[INPUT DATA — start]
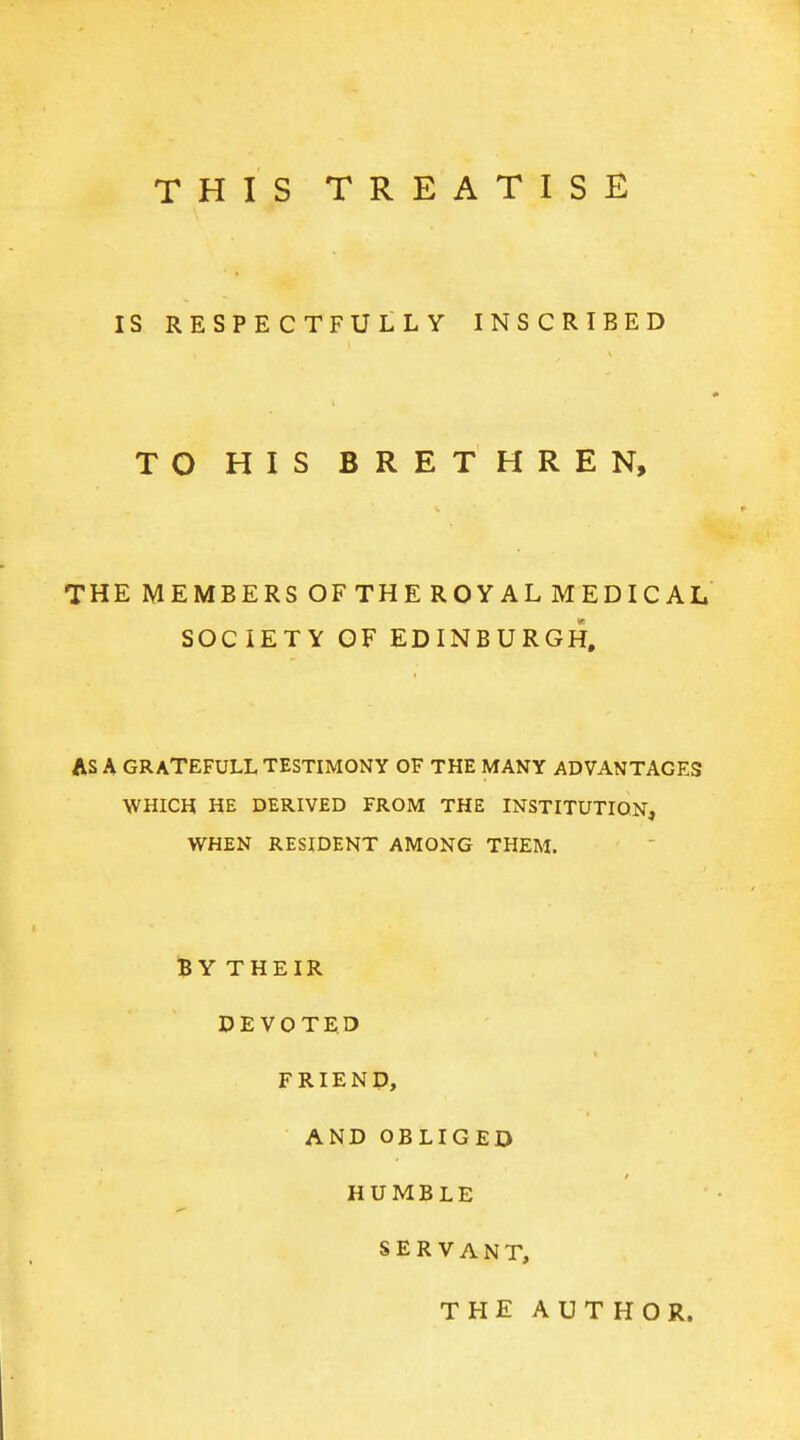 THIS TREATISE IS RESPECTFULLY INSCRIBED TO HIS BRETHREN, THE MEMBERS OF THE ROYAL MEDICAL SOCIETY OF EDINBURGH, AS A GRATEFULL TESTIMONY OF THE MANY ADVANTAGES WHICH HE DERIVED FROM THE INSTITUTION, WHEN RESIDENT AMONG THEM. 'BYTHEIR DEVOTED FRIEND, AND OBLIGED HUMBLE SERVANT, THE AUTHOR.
[INPUT DATA — finish]
[INPUT DATA — start]
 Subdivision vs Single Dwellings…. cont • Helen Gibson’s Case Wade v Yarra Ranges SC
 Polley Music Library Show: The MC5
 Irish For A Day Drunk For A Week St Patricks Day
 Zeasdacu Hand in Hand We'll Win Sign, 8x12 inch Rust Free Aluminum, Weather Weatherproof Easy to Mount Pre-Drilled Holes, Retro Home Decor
[INPUT DATA — finish]
- [WHAT TO DO]: Only the lines above from the one with "Irish For A" through the one with "Zeasdacu Hand in" should be duplicated, character for character.

- [EXERCISE OUTPUT]:
 Irish For A Day Drunk For A Week St Patricks Day
 Zeasdacu Hand in Hand We'll Win Sign, 8x12 inch Rust Free Aluminum, Weather Weatherproof Easy to Mount Pre-Drilled Holes, Retro Home Decor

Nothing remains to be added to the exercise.